When the incoming rate of jobs is higher than the fixed rate delivery, your Redis goes into the danger of filling up. After all, there must be other open-source databases that somehow provide a message queue without in-memory constraints like those Redis has. Let's review them.

Kafka: data is persisted to disk, though running a Kafka cluster and consuming from it is a lot trickier compared to Redis, due to its distributed nature and more complex protocol.

RabbitMQ: under memory pressure, the persistence layer tries to write as much out to disk as possible, and remove as much as possible from memory.

The next two databases you likely haven't heard about.

Beanstalkd: (unsupported) all data is always kept in memory. Similar to Redis, can persist a binlog to disk for recovering the state after a restart.

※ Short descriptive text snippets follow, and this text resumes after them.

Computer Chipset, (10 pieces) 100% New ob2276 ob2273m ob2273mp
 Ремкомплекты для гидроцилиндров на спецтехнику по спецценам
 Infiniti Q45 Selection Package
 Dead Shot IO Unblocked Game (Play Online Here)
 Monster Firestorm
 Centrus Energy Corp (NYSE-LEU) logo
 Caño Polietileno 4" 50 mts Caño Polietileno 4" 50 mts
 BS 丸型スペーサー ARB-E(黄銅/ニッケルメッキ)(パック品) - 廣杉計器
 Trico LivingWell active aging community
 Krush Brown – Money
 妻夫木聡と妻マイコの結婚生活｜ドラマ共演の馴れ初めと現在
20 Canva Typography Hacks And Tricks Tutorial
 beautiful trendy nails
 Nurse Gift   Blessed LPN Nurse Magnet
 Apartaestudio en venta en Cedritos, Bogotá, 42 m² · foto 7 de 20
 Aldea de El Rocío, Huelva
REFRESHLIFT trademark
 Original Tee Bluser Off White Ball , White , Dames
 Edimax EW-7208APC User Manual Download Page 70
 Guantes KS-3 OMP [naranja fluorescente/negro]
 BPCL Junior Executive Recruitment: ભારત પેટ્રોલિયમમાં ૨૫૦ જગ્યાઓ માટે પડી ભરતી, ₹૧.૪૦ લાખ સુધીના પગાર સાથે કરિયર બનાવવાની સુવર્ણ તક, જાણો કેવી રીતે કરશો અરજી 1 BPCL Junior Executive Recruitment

Kestrel: (unsupported) a message queue database fully backed by disk. It's actually used by GitHub to deliver webhooks on a massive scale, and I guess it's what allowed them to put webhooks on hold during the October outage, and deliver them later.

MySQL or PostgreSQL. It's not uncommon to implement job queue with a relational SQL database, which persists data on disk and allows to store large backlogs with no constraints on RAM.

Faktory. It's not a database per se, but rather a jobs service behind the application, developed by the author of Sidekiq. In the early days, it used RocksDB, an embedded database from Facebook, which is backed by the disk - so the number of jobs pushed to Faktory was not limited by RAM, which was great. In the current version, Faktory has switched to Redis as a store instead of RocksDB for good reasons, which means it's still bound by Redis limitations.

As you see, there's many stores that are able to persist data to disk and avoid in-memory constraints that Redis has.

From my perspective, there are at least three reasons why it's been hard for large-scale services to explore other options and move away from Redis.

  1. Redis is extremely easy to set up and operate, unlike distributed Kafka or RabbitMQ

  2. Redis can store not only queues but a lot of other data types, which are often used for jobs metadata outside of queues. If we ever wanted to switch from Redis to an actual message queue, we'd need to find a new home for the rest of data about jobs that is nowadays stored in Redis, for instance locks for unique jobs.

  3. Redis is an in-memory store, and memory is incredibly fast to write and read. When you're used to a store that can serve almost 1M writes per second, you'll come to a realization that disk is never as fast as RAM, and none of disk-backed stores will be able to give the performance that's close to the in-memory store. Depending on your workloads, switching from Redis would be a hit for performance that you're used to.

We've become so used to a fast in-memory store which made it so hard for us to switch to a slower but more reliable store.

Another feature that's critical to operating jobs is the ability to blackhole certain jobs. Imagine that due a bug in the app there's a large number of faulty jobs that ended up in the queue. Since it's a FIFO queue, they're blocking other jobs from running, so you'd want to delete those faulty jobs from the store as soon as possible.

But hey, it's not as easy to delete stuff from the queue (aka list) data type as you may have thought. To remove items from the list you'd have to rewrite it while blocking all other writes. It also has O(N) complexity, which is a huge hit when you have a backlog of thousands and millions of jobs.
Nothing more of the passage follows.